Bug 1116399

Summary:	[doc] Document the dependency that the default volume must be started when running jobs using additional volumes
Product:	[Red Hat Storage] Red Hat Gluster Storage	Reporter:	Tomas Meszaros <tmeszaro>
Component:	rhs-hadoop	Assignee:	Bradley Childs <bchilds>
Status:	CLOSED CURRENTRELEASE	QA Contact:	BigData QE <bigdata-qe-bugs>
Severity:	low	Docs Contact:	Divya <divya>
Priority:	medium
Version:	rhgs-3.0	CC:	aavati, eboyd, esammons, matt, mkudlej, nlevinki, rhs-bugs, swatt, vbellur
Target Milestone:	---
Target Release:	RHGS 3.0.0
Hardware:	Unspecified
OS:	Unspecified
Whiteboard:
Fixed In Version:		Doc Type:	Bug Fix
Doc Text:		Story Points:	---
Clone Of:		Environment:
Last Closed:	2015-08-10 07:45:08 UTC	Type:	Bug
Regression:	---	Mount Type:	---
Documentation:	---	CRM:
Verified Versions:		Category:	---
oVirt Team:	---	RHEL 7.3 requirements from Atomic Host:
Cloudforms Team:	---	Target Upstream Version:
Embargoed:

Description Tomas Meszaros 2014-07-04 13:05:19 UTC

Description of problem:

I think we should document that when I run mapreduce job with non-default volumes for input & output, the default volume has to be also started otherwise mapreduce job will fail.

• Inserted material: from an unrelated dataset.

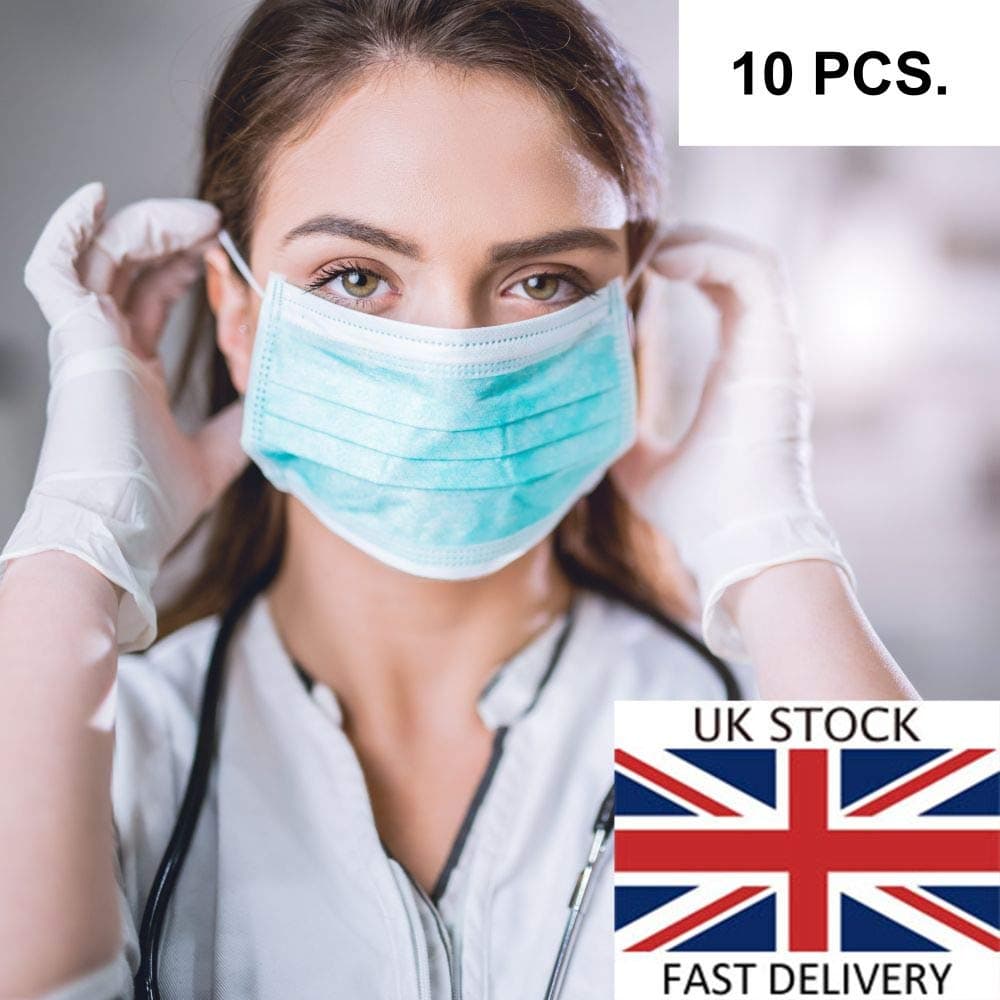 10 X SURGICAL FACE MASK EAR LOOPS – MEDICAL 3 PLY MASKS Only Genuine if Sold by AA Electrics 10pcs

Comment 1 Tomas Meszaros 2014-07-04 13:51:54 UTC

Additional information:

I've ran: su - bigtop -c "hadoop jar /usr/lib/hadoop-mapreduce/hadoop-streaming-2.2.0.2.0.6.0-101.jar -input glusterfs://HadoopVol2/user/bigtop/in -output glusterfs://HadoopVol3/user/bigtop/out -mapper /bin/cat -reducer /usr/bin/wc"

where HadoopVol{1..2} are non-default volumes. Default volume (HadoopVol1) has to be started (and not full) during the job because HadoopVol1/user/username/.staging directory is being created during the process.

Comment 2 Steve Watt 2014-07-11 21:50:32 UTC

I have updated the installation guide in the section "Using Hadoop" (near the end) to describe that the HadoopVol needs to be running at all times when using Hadoop.